[Data section]

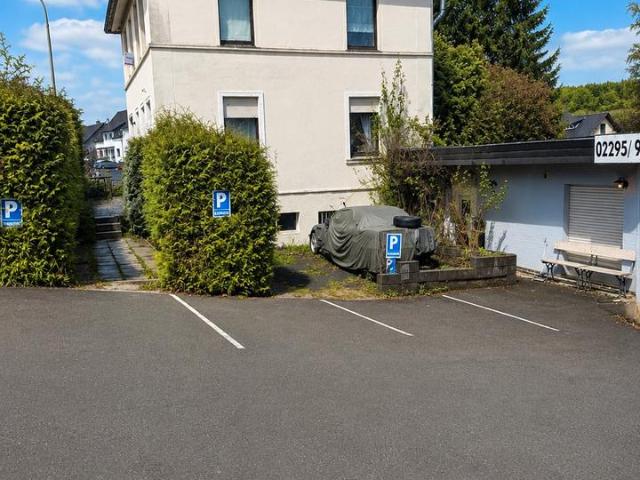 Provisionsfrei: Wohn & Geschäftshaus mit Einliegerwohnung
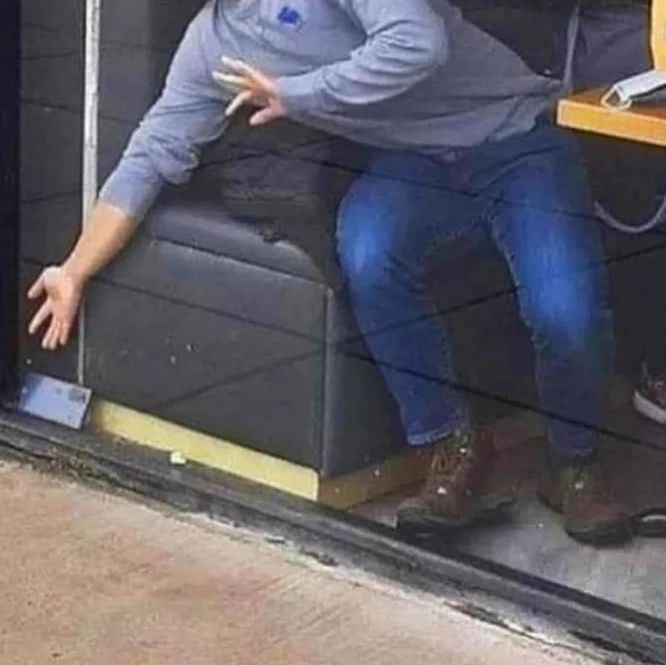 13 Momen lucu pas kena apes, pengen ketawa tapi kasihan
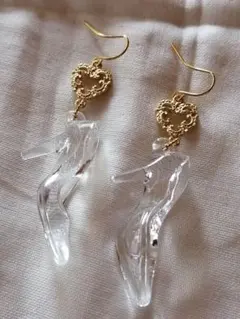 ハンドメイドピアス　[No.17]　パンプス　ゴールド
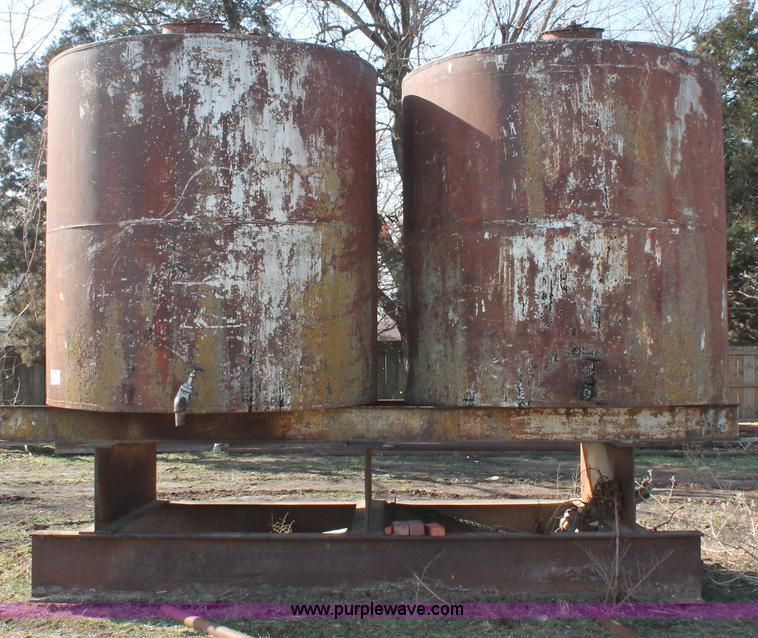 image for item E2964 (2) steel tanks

[/Data section]

Apart from the pictures, every line above must be printed exactly.

 Provisionsfrei: Wohn & Geschäftshaus mit Einliegerwohnung
 13 Momen lucu pas kena apes, pengen ketawa tapi kasihan
 ハンドメイドピアス　[No.17]　パンプス　ゴールド
 image for item E2964 (2) steel tanks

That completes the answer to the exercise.